## The problem
Starting at the line holding "Maske i futrole" and finishing at the line holding "シュプリームコピー 韓国ソウルオープン限定SEOUL BOX", transcribe the material exactly, keeping both ends but no pictures.

Record set Block Start

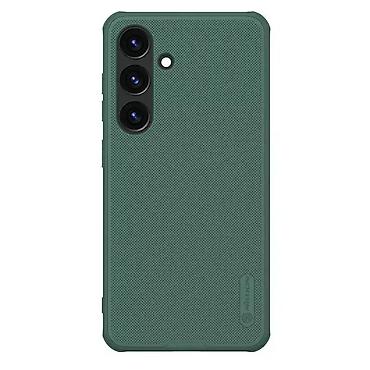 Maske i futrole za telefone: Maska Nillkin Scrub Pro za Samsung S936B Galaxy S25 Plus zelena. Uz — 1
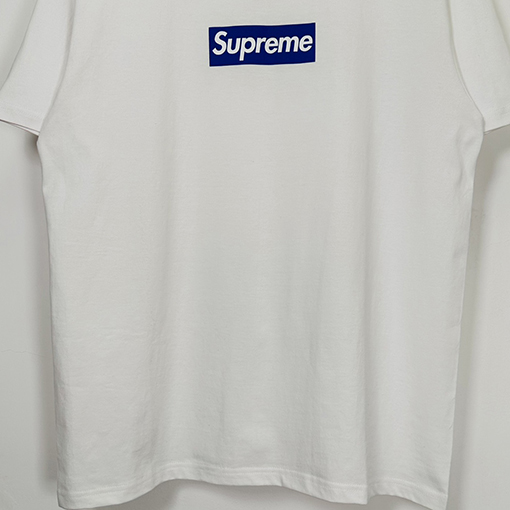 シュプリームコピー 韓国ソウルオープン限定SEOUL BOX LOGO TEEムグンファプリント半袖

Record set Block End
Record set Block Start

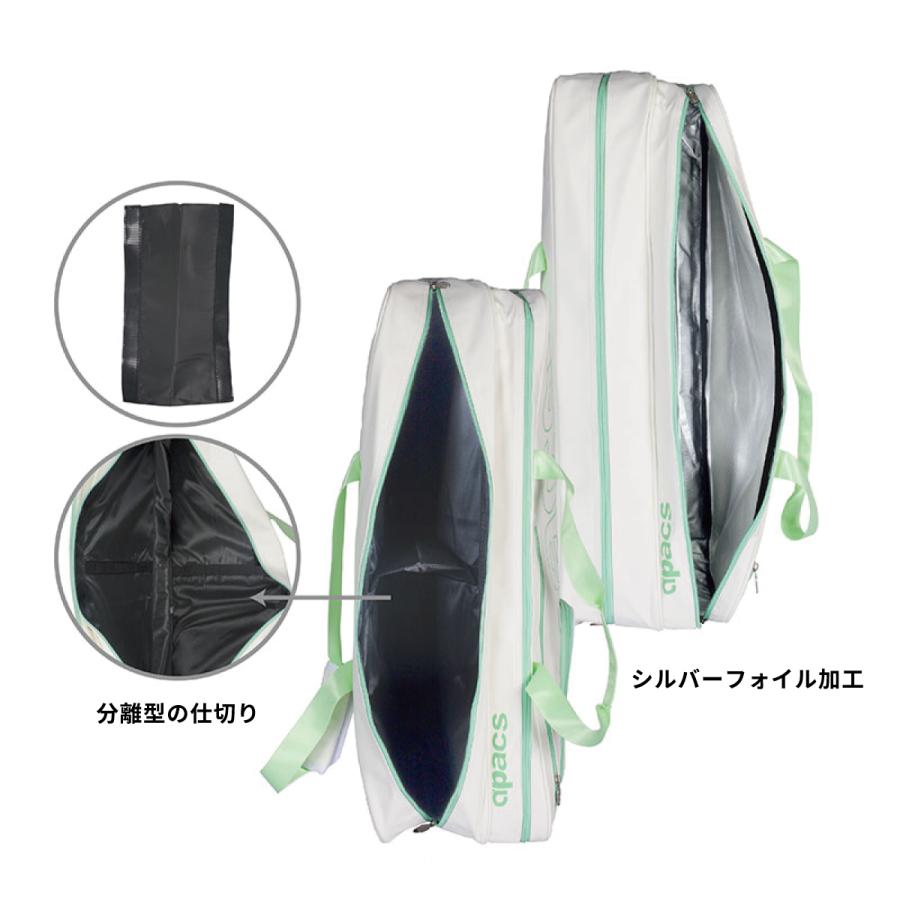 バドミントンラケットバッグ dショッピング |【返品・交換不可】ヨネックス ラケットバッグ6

Record set Block End
Record set Block Start

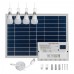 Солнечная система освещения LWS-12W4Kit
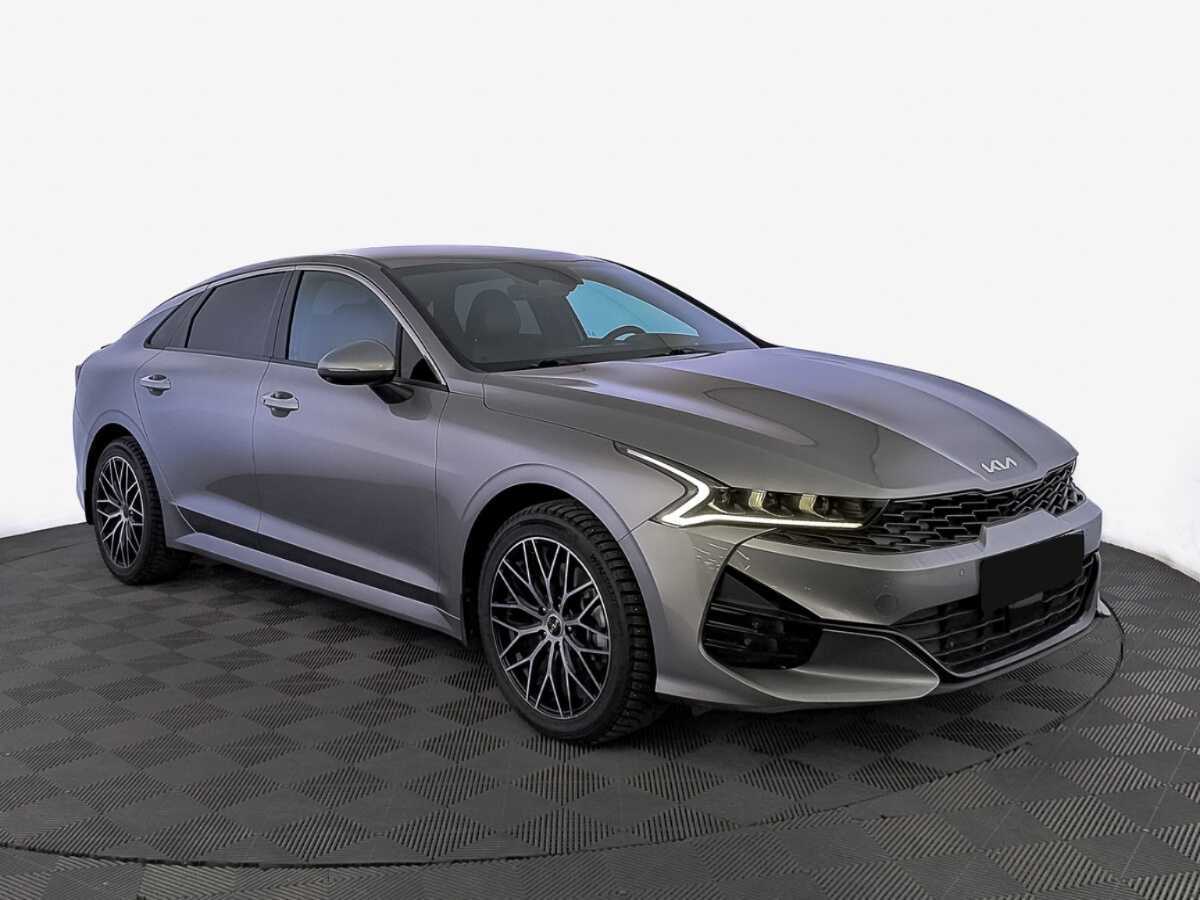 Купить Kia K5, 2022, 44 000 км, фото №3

Record set Block End

## Exercise response
 Maske i futrole za telefone: Maska Nillkin Scrub Pro za Samsung S936B Galaxy S25 Plus zelena. Uz — 1
 シュプリームコピー 韓国ソウルオープン限定SEOUL BOX LOGO TEEムグンファプリント半袖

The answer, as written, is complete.